SUPPLIED MATERIAL —

↓↓↓

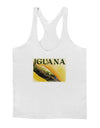 Iguana Watercolor Text Mens String Tank Top-Men's String Tank Tops-LOBBO-White-Small-Davson Sales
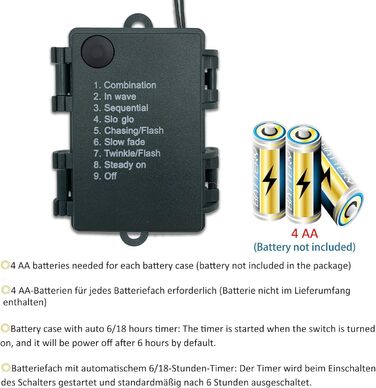Гірлянда світлодіодна Hopelit, 50 LED, 5 м, з таймером, 8 режимів, для дому та саду, вологостійка, на батарейках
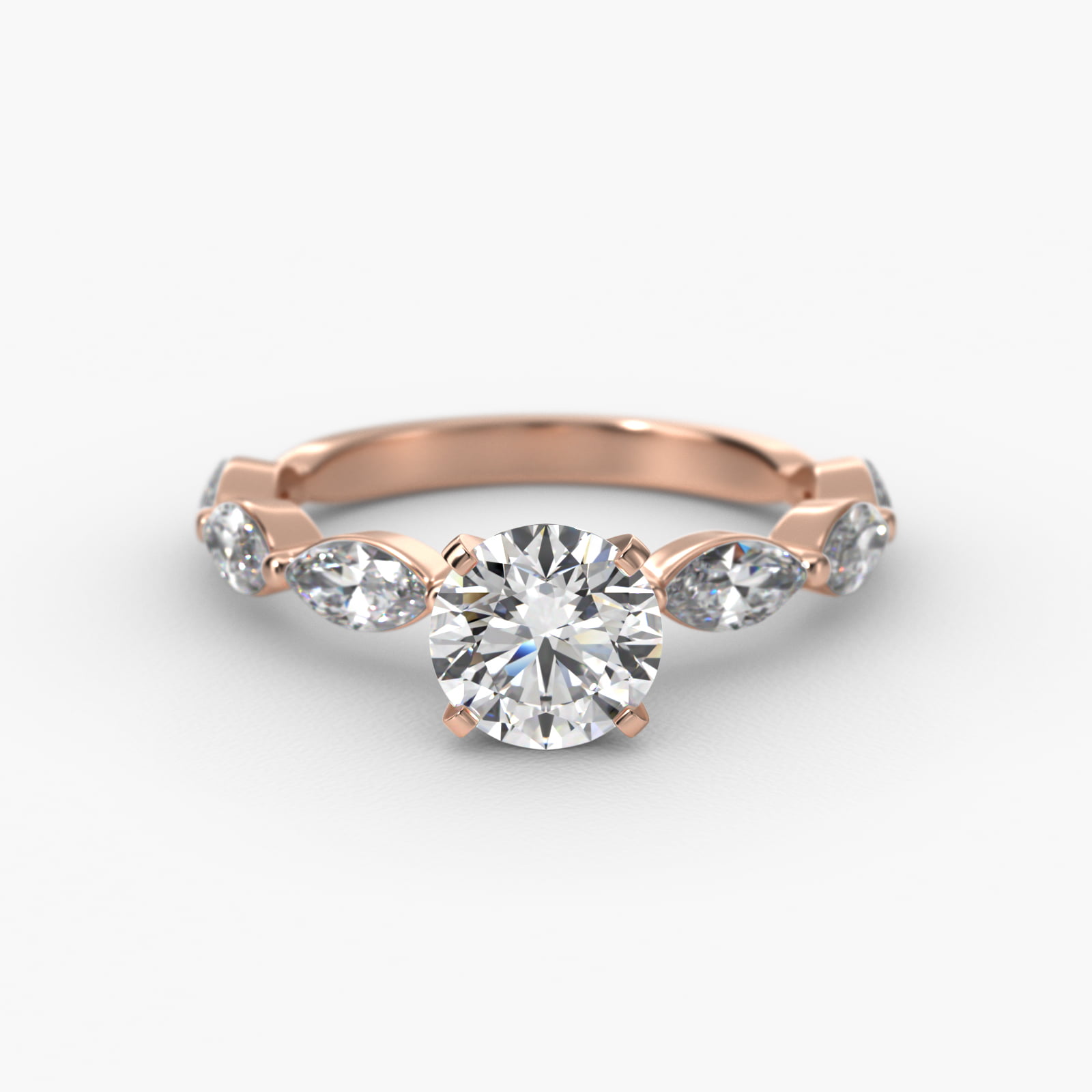 East West Marquise Cut Side Stone Diamond Engagement Ring In 14K Rose Gold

↑↑↑

TASK PROMPT —
Retype the listing above exactly. Pictures are not part of the copy.

TASK ANSWER —
 Iguana Watercolor Text Mens String Tank Top-Men's String Tank Tops-LOBBO-White-Small-Davson Sales
Гірлянда світлодіодна Hopelit, 50 LED, 5 м, з таймером, 8 режимів, для дому та саду, вологостійка, на батарейках
 East West Marquise Cut Side Stone Diamond Engagement Ring In 14K Rose Gold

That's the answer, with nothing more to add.